ECLI:NL:RBOBR:2014:2310

Rechtbank Oost-Brabant

Datum uitspraak
28 maart 2014
Publicatiedatum
30 april 2014
Zaaknummer
C/01/274512 / JE RK 14/184MZ14
Instantie
Rechtbank Oost-Brabant
Type
Uitspraak
Rechtsgebied
Civiel recht; Personen- en familierecht
Procedures
  • Op tegenspraak
Rechters
Vindplaatsen
  • Rechtspraak.nl
AI samenvatting door LexboostAutomatisch gegenereerd

Afwijzing verzoek om machtiging tot plaatsing in gesloten jeugdzorg voor minderjarige

In deze zaak heeft de kinderrechter van de Rechtbank Oost-Brabant op 28 maart 2014 uitspraak gedaan in een verzoek om een machtiging tot plaatsing van een minderjarige in een gesloten jeugdzorginstelling. Het verzoek was ingediend door de William Schrikker Stichting Jeugdbescherming en Reclassering, namens Bureau Jeugdzorg Noord-Brabant, en was gericht op de plaatsing van de minderjarige, die onder voogdij staat, in een 24-uurs gesloten accommodatie. De kinderrechter heeft het verzoek afgewezen op basis van een gebrek aan een voldoende instemmingsverklaring van een gedragswetenschapper, zoals vereist door de Wet op de Jeugdzorg.

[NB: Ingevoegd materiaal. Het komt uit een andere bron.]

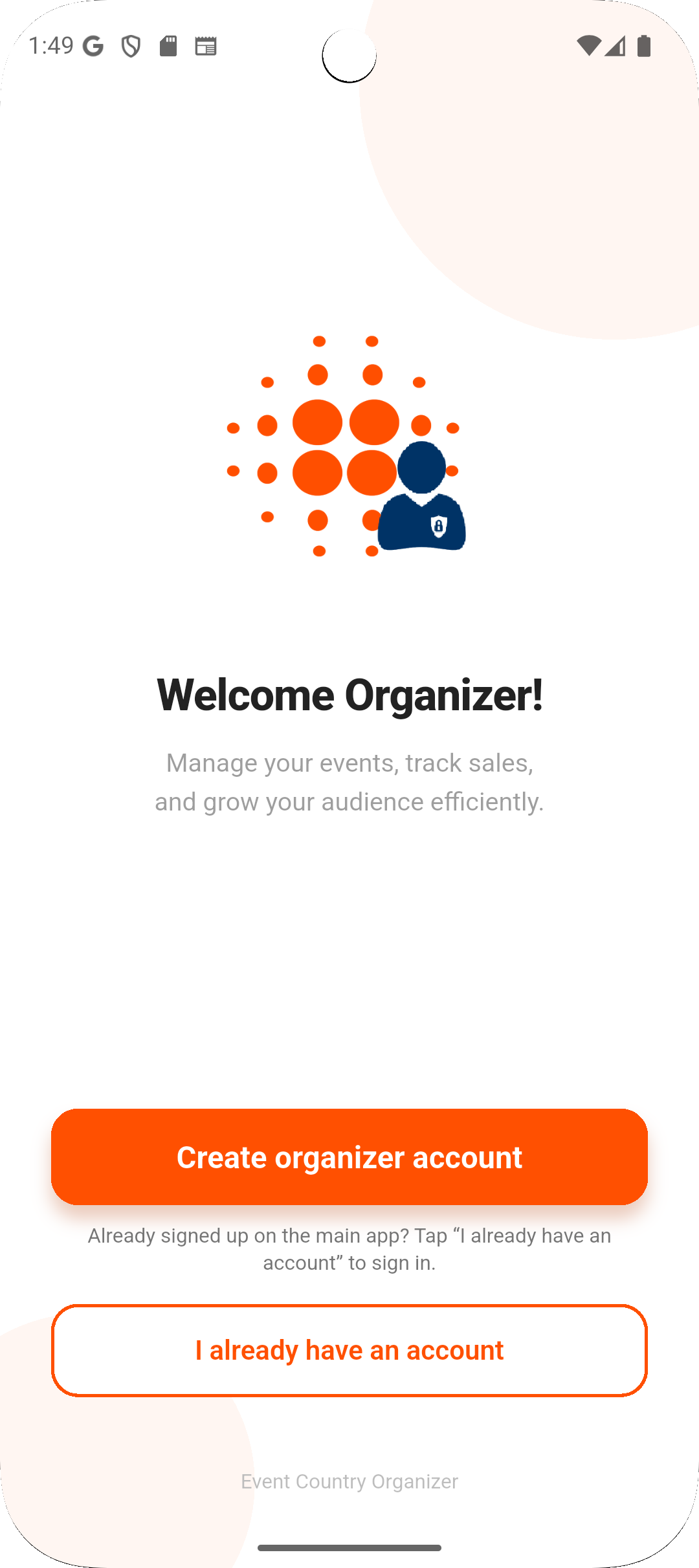 Organizer app preview 1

De minderjarige, die een problematische voorgeschiedenis heeft en al op verschillende locaties heeft gewoond, werd als belanghebbende aangemerkt. Tijdens de zittingen op 17 en 27 maart 2014 zijn zowel de stichting als de minderjarige, bijgestaan door zijn advocaat, gehoord. De ouders van de minderjarige waren niet verschenen, ondanks behoorlijke oproeping. De kinderrechter heeft vastgesteld dat de instemmingsverklaring van de gedragswetenschapper niet voldeed aan de wettelijke eisen, omdat deze niet voldoende onderbouwd was en niet duidelijk maakte waarom gesloten plaatsing noodzakelijk was.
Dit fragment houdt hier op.